After the election results came in, I posted about the implications for the Turnbull government of dealing with One Nation as if it were a normal and legitimate political party.
It seems likely, however, that Turnbull is going to treat One Nation, for the first time in Australia, as a normal political party, and to negotiate with Hanson as an equal. That would be a new low for him, and for Australia. And, sooner or later, it will come back to bit him and the LNP. For an object lesson in the dangers of courting racist votes while maintaining a claim to be non-racist, he need only look at the US Republican party,
It is already clear that this analysis fell far short of the mark. Far from being “just another minor party”, One Nation has become a semi-formal member of the LNP Coalition and part of the dominant rightwing grouping within that coalition. The two most striking developments, among many, are
* The decision of the Queensland LNP to preference One Nation ahead of Labor . This is unusual in itself, given that no election is in prospect any time soon and a radical reversal of the pre-election position of putting One Nation last[1]
* The alliance between One Nation and the LNP right to promote a change to hate speech laws, allowing racial speech that “offends” or “insults” the target.
I remain convinced that this will prove a path to disaster for the LNP in the long run, but it could do a great deal of damage to Australia while the LNP-ONP coalition remains in office.
The 18C issue a whole post to itself, but the central point here is that this move does not reflect any general commitment to free speech, along the (apocryphal) Voltairian line that “I disagree with what you say, but defend to the death your right to say it”. The backers of this proposal are people who want to exercise the freedom to make offensive and insulting racial attacks.
Of course, it’s important to avoid the ad hominem fallacy here. The claim that “people have a right to be bigots” isn’t invalidated by the fact that most of its proponents (though not, I think George Brandis) are bigots themselves. But the simple political fact is that racists are now viewed as acceptable by the LNP, and are already a substantial, if not dominant faction within that party. Most of this faction has no interest in free speech for anyone but themselves.
If any change to laws governing public speech is to be addressed by this Parliament, it should not take the form of an escape clause specifically designed for bigots. Rather we should be looking at a general guarantee of free speech, something that does not currently exist in Australia.

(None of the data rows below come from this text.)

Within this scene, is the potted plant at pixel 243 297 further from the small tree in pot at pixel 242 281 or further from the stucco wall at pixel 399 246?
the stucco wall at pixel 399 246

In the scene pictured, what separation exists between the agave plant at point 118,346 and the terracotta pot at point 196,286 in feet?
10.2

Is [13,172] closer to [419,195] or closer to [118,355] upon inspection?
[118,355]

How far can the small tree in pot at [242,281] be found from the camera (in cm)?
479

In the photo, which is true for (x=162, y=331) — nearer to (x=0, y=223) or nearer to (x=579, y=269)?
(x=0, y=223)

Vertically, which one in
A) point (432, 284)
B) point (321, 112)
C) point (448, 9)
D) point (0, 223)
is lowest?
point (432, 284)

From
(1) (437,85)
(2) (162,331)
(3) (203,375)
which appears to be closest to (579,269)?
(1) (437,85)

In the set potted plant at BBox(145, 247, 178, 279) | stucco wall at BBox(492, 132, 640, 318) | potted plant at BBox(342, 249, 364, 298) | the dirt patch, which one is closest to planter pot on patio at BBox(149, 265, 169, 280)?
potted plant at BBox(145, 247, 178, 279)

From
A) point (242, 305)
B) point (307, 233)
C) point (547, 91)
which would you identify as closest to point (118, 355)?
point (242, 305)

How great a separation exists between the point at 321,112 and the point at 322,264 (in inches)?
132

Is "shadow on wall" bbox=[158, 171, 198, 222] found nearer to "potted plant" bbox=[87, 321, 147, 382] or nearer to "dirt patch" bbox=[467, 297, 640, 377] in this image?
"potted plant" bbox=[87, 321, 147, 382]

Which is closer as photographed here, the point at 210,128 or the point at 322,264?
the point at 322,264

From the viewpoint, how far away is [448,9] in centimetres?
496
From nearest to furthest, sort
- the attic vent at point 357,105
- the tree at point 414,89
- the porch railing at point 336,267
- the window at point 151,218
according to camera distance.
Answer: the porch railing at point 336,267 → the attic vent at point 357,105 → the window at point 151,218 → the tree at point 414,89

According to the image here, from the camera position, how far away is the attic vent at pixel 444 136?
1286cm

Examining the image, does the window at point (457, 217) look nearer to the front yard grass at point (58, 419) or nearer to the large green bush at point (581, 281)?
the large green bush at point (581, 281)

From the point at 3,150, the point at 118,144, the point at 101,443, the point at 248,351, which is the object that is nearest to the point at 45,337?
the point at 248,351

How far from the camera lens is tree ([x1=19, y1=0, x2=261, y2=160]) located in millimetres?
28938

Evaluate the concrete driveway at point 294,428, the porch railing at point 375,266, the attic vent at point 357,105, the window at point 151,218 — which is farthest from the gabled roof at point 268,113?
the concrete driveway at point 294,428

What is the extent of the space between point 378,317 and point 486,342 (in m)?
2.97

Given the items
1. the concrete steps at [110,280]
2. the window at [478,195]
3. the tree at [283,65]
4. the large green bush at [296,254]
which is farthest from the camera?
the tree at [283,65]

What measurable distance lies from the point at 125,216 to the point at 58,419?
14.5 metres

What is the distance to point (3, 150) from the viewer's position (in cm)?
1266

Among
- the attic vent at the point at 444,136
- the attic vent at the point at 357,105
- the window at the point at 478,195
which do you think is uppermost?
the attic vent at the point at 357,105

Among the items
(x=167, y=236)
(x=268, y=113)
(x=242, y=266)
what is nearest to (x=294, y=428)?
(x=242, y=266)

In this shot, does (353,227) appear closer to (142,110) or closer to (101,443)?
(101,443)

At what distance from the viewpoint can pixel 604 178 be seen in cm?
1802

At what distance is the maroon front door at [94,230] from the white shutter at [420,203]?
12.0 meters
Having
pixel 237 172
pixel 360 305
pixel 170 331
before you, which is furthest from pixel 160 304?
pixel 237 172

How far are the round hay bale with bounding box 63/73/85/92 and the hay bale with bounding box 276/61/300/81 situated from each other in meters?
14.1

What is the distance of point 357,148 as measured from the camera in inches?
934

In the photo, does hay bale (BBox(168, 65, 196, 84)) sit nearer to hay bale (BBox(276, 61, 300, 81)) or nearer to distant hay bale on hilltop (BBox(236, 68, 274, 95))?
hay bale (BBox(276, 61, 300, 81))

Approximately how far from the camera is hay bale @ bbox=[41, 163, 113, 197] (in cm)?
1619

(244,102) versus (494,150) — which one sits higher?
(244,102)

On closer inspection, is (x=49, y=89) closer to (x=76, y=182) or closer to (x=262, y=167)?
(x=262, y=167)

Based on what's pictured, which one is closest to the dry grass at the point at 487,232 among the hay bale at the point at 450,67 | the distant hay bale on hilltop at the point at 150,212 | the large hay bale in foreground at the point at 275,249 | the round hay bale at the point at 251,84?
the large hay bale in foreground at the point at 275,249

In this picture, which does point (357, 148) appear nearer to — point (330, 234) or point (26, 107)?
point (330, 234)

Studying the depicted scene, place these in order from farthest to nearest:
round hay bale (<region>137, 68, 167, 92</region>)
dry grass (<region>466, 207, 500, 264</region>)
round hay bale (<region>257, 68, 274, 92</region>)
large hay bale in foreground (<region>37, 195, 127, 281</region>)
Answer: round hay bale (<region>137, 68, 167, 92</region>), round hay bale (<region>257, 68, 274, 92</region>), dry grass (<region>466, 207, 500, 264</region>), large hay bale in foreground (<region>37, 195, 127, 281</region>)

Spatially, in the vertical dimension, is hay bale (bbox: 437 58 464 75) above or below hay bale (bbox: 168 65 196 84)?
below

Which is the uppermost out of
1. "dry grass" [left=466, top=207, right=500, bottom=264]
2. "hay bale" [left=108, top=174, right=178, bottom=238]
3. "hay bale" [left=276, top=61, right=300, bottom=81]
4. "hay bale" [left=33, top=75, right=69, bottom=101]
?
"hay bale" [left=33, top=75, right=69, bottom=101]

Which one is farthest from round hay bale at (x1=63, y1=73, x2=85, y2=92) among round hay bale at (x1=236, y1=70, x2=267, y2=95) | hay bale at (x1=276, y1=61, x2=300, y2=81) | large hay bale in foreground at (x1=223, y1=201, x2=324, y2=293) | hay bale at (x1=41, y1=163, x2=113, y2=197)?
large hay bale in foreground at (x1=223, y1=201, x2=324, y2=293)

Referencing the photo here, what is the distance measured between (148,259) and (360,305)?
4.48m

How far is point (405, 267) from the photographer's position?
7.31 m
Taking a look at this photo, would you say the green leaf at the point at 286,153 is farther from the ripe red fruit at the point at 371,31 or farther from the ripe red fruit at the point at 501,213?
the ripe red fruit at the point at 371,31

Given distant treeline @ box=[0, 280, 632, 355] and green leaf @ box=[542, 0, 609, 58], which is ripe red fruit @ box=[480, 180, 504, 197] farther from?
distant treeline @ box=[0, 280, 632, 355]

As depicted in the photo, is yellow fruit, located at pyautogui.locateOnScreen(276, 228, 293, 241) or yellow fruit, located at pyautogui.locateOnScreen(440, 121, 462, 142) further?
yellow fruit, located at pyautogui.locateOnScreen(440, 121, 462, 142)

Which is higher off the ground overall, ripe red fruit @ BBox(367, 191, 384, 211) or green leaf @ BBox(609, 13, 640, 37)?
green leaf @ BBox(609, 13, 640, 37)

Finally, I’ll repeat in sharper form a question I’ve raised before. If rightwing LNP backbenchers have a consequence-free right to vote against party policy on hate speech, why don’t supporters of equal marriage have the same right? The most obvious target of this question is former IPA official Tim Wilson, who has vigorously attacked 18C while toeing the party line on equal marriage, despite his stated support.
fn1. Some reported equivocation on this point by Queensland union official Ros McLennan is unhelpful to put it mildly, but it appears to be a News Ltd beatup of waffle on McLennan’s part.
@jrkrideau
I can’t remember what life was like before the internet and google, which is strange because for most of my life it wasn’t there but it must have been frustrating for me not to be able to find out things I want to know.
@Julie Thomas
Your #51
Interestingly, King O’Malley, like jrkrideau, was a Canadian (born in Quebec), so obviously O’Malley’s plug for “American” spelling is amusing. However, that’s what we get for living in the nation I used to call Englerica for rather obvious reasons – like when young, before I reached my teens, I used to listen to a lot of radio (public and private) and a few of the shows were American (eg “The Shadow Knows”). So I used to use words at school – eg “lush” – that my contemporaries had never heard. And yes, they thought I was either weird or pretentious.

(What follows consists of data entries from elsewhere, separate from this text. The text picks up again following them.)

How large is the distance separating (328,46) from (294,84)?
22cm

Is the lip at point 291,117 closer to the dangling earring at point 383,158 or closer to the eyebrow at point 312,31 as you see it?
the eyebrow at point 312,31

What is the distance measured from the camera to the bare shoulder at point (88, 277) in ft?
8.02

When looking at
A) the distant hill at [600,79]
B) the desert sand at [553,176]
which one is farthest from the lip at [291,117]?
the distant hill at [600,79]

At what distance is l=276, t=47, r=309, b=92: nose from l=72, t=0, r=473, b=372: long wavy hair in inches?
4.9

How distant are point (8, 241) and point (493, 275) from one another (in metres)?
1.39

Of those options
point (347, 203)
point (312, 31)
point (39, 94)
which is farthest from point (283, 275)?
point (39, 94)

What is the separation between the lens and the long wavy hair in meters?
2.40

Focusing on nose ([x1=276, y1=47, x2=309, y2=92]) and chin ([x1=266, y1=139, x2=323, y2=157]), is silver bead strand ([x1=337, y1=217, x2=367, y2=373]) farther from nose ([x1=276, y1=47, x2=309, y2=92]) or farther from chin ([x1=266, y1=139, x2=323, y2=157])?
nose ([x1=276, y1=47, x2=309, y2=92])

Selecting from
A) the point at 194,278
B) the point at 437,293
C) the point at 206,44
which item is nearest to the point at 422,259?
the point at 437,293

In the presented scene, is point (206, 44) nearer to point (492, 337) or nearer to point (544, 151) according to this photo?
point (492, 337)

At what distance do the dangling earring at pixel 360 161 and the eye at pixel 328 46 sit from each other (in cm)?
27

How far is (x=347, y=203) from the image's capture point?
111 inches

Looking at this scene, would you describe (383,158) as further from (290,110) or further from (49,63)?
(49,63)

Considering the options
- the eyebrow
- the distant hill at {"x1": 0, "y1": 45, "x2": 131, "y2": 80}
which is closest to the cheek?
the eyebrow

But GBS was, as usual, a nutter. The whole “phonetic spelling” movement came to nothing because living languages change their pronunciations continuously. So basically, if you insist on phonetic spelling, you have to reprint all your books, and re-edit all your digital stuff, every 50 or so years. Unless you want to end up trying to read Chaucer in the “original”. And of course we all remember the English “Great Vowel Shift” (qv, Google, of course) don’t we.

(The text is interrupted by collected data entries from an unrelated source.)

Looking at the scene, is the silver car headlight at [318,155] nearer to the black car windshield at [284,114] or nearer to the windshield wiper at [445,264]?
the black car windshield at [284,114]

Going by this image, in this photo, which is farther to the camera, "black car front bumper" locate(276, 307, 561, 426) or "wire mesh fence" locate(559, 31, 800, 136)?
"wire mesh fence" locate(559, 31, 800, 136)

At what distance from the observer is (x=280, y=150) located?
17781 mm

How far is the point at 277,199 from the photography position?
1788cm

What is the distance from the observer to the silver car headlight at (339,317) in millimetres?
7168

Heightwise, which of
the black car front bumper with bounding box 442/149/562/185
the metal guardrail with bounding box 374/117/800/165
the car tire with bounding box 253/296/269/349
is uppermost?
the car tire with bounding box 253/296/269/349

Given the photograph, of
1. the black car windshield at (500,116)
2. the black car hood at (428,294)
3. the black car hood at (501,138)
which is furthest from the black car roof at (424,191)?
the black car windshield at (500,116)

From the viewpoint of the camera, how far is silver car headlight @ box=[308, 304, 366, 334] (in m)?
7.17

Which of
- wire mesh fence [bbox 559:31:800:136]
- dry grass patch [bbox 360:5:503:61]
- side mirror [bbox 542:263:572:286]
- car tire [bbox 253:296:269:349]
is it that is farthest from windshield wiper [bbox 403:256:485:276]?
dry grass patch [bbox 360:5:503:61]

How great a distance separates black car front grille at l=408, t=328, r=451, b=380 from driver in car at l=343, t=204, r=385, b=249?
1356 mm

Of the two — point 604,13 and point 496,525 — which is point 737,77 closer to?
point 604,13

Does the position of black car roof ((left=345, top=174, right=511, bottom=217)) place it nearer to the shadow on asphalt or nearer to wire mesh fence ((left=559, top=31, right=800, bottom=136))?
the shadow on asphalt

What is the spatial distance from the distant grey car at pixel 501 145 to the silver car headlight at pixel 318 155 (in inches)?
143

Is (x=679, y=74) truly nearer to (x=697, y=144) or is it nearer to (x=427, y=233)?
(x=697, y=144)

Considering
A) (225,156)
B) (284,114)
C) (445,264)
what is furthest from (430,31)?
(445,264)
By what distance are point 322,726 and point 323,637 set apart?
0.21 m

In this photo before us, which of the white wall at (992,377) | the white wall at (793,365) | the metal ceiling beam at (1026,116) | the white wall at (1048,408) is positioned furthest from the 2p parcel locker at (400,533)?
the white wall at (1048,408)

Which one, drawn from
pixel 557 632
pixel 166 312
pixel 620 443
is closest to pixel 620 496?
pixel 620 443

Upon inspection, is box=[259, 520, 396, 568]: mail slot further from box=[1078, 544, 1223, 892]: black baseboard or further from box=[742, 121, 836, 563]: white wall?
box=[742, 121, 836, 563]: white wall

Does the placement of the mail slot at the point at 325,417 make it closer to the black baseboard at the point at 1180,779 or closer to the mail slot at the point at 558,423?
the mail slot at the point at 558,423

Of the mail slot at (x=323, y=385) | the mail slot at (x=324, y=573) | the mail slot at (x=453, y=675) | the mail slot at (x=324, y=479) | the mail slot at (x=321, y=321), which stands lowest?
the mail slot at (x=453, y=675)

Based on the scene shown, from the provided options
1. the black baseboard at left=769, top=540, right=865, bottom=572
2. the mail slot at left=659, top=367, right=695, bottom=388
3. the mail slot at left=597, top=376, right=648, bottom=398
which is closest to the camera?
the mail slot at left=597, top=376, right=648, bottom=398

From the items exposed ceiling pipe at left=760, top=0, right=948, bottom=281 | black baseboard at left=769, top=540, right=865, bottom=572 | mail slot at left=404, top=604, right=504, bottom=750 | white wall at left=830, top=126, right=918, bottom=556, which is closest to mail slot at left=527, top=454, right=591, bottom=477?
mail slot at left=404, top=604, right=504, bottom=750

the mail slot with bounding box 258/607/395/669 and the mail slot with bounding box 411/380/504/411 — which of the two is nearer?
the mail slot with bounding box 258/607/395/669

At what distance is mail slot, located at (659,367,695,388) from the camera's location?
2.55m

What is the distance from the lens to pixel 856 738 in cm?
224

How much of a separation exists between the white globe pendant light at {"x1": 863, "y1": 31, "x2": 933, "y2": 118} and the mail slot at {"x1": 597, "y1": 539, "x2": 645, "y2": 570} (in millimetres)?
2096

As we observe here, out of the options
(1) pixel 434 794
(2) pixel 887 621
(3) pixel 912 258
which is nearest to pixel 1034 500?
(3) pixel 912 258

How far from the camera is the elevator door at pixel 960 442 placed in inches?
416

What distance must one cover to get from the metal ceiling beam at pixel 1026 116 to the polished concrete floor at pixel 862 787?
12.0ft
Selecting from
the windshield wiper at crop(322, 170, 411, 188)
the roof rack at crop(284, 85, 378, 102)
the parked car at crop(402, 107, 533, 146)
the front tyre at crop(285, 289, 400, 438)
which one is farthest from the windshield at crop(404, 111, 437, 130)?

But really, truly, Julie, we did have a pre-web-Google source of information: it was called “libraries” and you could go along to one, and look up indexes and catalogues and consult living human librarians and read things in books and magazines. A bit slower, and a lot less focussed than web-Google, I grant you, but there were always lots of other, incidental but usually fascinating, things you could learn along the way whilst searching for the thing(s) you actually wanted to know.
But considering the web, if you have any interest in scifi at all, you’d probably enjoy Isaaac Asimov’s short story, The Jokester.